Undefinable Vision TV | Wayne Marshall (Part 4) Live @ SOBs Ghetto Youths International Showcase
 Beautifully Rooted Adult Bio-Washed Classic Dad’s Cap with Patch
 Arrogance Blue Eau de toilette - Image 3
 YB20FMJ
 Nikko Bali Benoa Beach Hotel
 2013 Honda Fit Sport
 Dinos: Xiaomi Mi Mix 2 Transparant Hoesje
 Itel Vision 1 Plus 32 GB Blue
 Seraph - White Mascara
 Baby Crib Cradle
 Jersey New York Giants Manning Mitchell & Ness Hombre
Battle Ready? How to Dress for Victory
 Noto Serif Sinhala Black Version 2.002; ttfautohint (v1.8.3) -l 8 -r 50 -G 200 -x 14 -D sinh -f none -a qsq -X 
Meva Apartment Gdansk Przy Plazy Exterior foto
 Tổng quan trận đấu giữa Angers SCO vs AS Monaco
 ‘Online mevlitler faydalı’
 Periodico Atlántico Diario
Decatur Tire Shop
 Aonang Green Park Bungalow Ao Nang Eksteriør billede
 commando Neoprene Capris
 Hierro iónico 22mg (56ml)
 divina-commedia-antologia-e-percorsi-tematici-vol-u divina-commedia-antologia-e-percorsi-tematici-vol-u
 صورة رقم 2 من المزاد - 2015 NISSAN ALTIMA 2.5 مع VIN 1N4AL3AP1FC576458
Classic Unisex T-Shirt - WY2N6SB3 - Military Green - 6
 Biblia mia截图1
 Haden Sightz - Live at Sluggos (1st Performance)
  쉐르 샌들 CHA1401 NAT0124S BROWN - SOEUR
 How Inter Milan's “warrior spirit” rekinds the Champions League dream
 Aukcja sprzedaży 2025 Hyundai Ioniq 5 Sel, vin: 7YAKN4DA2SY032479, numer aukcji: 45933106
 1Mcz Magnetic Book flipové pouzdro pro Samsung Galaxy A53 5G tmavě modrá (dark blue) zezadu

▶ Required work: Nothing but the lines from the one with "Biblia mia截图1" through the final line of the records above should appear, each copied exactly.

▶ Written answer:
 Biblia mia截图1
 Haden Sightz - Live at Sluggos (1st Performance)
  쉐르 샌들 CHA1401 NAT0124S BROWN - SOEUR
 How Inter Milan's “warrior spirit” rekinds the Champions League dream
 Aukcja sprzedaży 2025 Hyundai Ioniq 5 Sel, vin: 7YAKN4DA2SY032479, numer aukcji: 45933106
 1Mcz Magnetic Book flipové pouzdro pro Samsung Galaxy A53 5G tmavě modrá (dark blue) zezadu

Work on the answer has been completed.